Eighteen years ago I officially hung out the INK inc PR shingle with no employees, no clients and a dark little cave-like office in Kansas City. What I did have was an unwavering faith in a different kind of PR compensation model…provide clients the one thing they desired and needed most, positive media coverage, but without charging them the exorbitant hourly fees for effort only. The very concept was blasphemous to the traditional public relations community…charge a client for press coverage only if you actually delivered it and never fill out a time sheet again? Obviously a risky concept to base a new PR firm upon, particularly one funded solely on savings and a credit card.
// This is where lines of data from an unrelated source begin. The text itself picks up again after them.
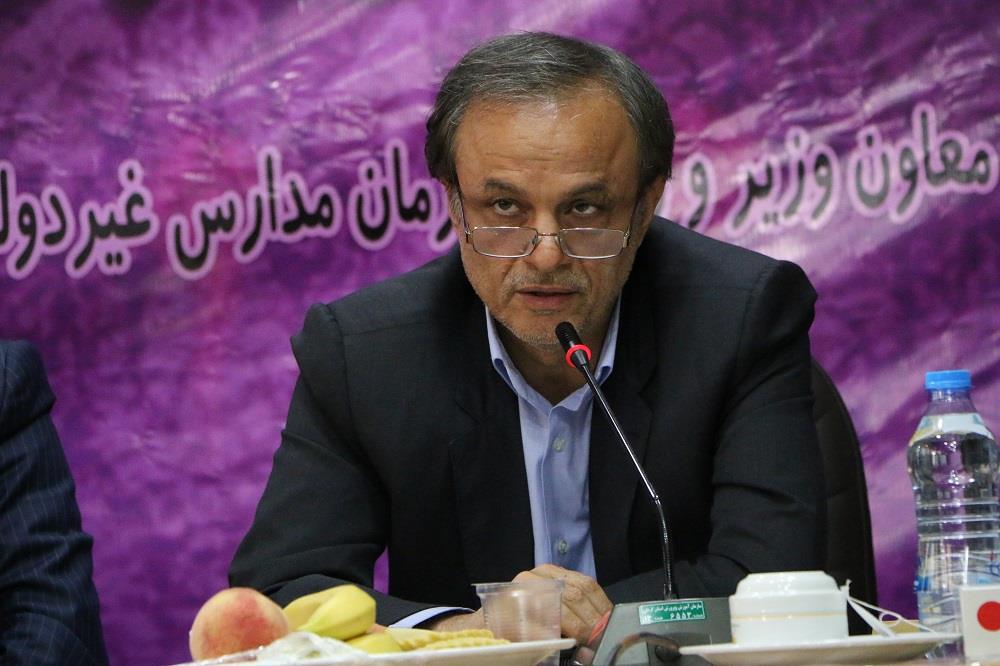 مدارس از جنبه آموزشیِ صرف خارج شوند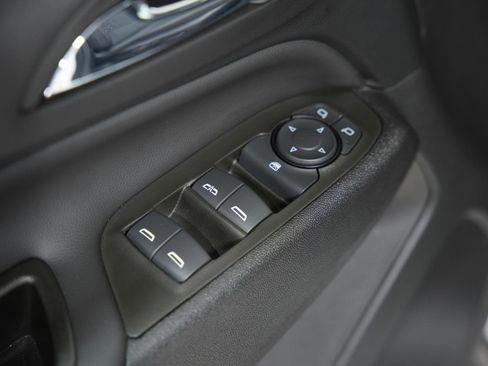 Used 2024 Chevrolet Equinox LT image 23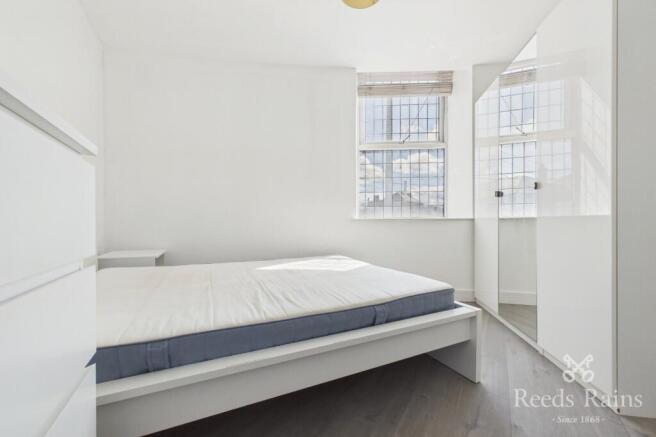 2 bed Apartment to rent Image 4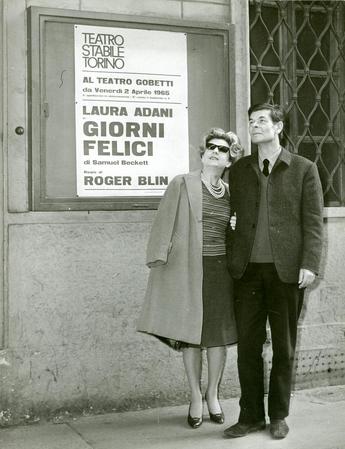 Laura Adani e Roger Blin davanti al Teatro Gobetti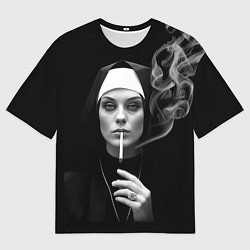 Мужская футболка оверсайз Монашка дымит сигаретой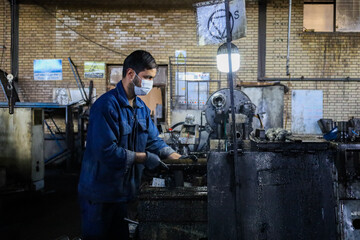 کارگران زحمتکش، سرمایه‌های گران‌بها و ستون‌های استوار اقتصاد ایران‌اند؛ آنان با دستان پینه‌بسته و اراده‌ای پولادین، چرخ‌های صنعت، کشاورزی و خدمات را به گردش درمی‌آورند.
The first task was giving the company a name…a challenge easily solved by my daughter and fellow PR pro. “Name it for what you do for your clients, Dad…you get them ink.” Next was getting the word out. Social media wasn’t invented yet, so I printed a brochure, wrote letters to former clients and associates, made phone calls and experimented with AOL’s email. My first client ironically was a large local advertising agency that had its own PR division but whose CEO was fascinated by INK’s model. Could we land publicity for his agency and do so without timesheets? That was the challenge. More on that later. Our second client was a small LA company that refurbished toner cartridges…hardly media sexy nor primetime story material… unhappy with the service and lack of results of a previous firm. He called one day and said he wanted to sign on with INK. In less than four months working with my team of long time independent collaborators, we had landed him full features on NBC, CNBC, CBS, Business Week, Industry Week, Associated Press, and ultimately The Wall Street Journal. INK was on its way. And like many of the hundred or so of INK clients since, this CEO has stayed a personal friend and referenced a ton of other clients over the years. And what about client number one? I still have a bottle of Dom Perignon in my office…a gift from that first ad agency CEO for helping his firm put some positive publicity spin on a potential embarrassment when they were pitching a big Salt Lake City company for their ad account. It seems they had brought along a surprise gift of Kansas City barbeque to serve the prospect’s headquarter employees…but alas, taking such a gift was against their policy. I got the emergency call asking what if anything could be done…they couldn’t take the barbeque back on the plane and didn’t want the trade press to discovery their gaffe. The solution…throw a barbeque lunch for a local Salt Lake City children’s hospital and invite the local news outlets. The result… multiple positive stories in the local media both in Salt Lake City as well as Kansas City and…a bottle of champagne for my office.
Two of the literally hundreds of the memories of building a business one great story after another through some very turbulent times…the tech bubble, two major economic recessions, the terrible events of 9-11 and the wars and elections that followed… and all those client faces over the years and challenges thrown in our path…most with successful conclusions. New hires as well as layoffs, tough meetings with the bank balanced against big revenue months… trips to Africa, China, Cuba and across the street for coffee…and most importantly, building the fantastically talented core staff that have made it all so successful and fun…and never once a time sheet turned in nor an hour billed.